Published: May 16, 2011

Jennifer Asenas, Communication Studies, mentored students on a paper for the Bay Area Undergraduate Communication Research Conference held April 16 at San Jose State University. The paper was co-authored by Rachel Weick and Chris Armas on the topic “An Analysis of Incongruities Amongst Alejandro’s Eccentric Army.”

Hyowon Ban, Geography, and Ohio State’s Ola Ahlqvist presented “Geographical Counterpoint: Understanding Choreographic Information Using Spatio-Temporal Analysis and Geovisualization” before the April meetings of the Association of American Geographers (AAG) in Seattle.

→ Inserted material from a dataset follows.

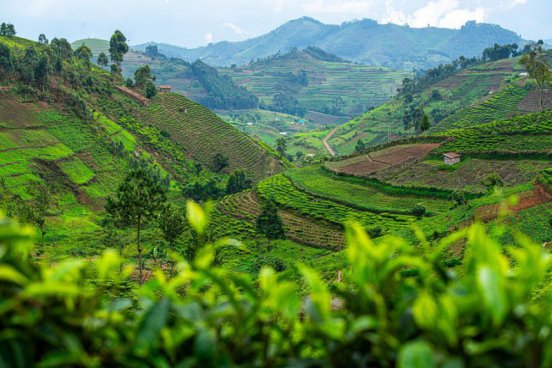 To nejlepší z Ugandy + HORSKÉ GORILY A ŠIMPANZI + SAFARI V NÁRODNÍCH PARCÍCH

While Ban was at the AAG, she also gave a panel presentation to the special session, “Establishing Identity of Geographic Features: A Special Focus on Controversies in Naming the Sea Between Korea and Japan.”

Rick Behl, Geological Sciences, published an invited commentary piece in the Proceedings of the National Academy of Sciences titled “Glacial Demise and Methane’s Rise.”

Houri Berberian, History, delivered a lecture as part of the four-part Armenian Studies spring 2011 seminar series “Between Nations and States: Armenian Nationalism(s) Past and Present” co-sponsored by the Armenian Center and the Middle East Institute at Columbia University.

Donna Binkiewicz, History, published an article titled “Interns at Public History Sites: Learning Historiography in Real Time” in Perspectives on History, the news magazine of the American Historical Association, Vol. 49:4 (April).

Amy Bippus and JR Abrams, Communication Studies, have in press an article on an intergroup investigation of disparaging humor to be published in the Journal of Language and Social Psychology.

Norman Carter, Geography, gave a presentation, “The Art Walk as Housing Promotion: A Case Study in Los Angeles,” to the Seattle conference of the Association of American Geographers in April.

Karen Clippinger, Dance, co-authored a trade book with Rael Isacowitz titled Pilates Anatomy released by Human Kinetics publishers in March.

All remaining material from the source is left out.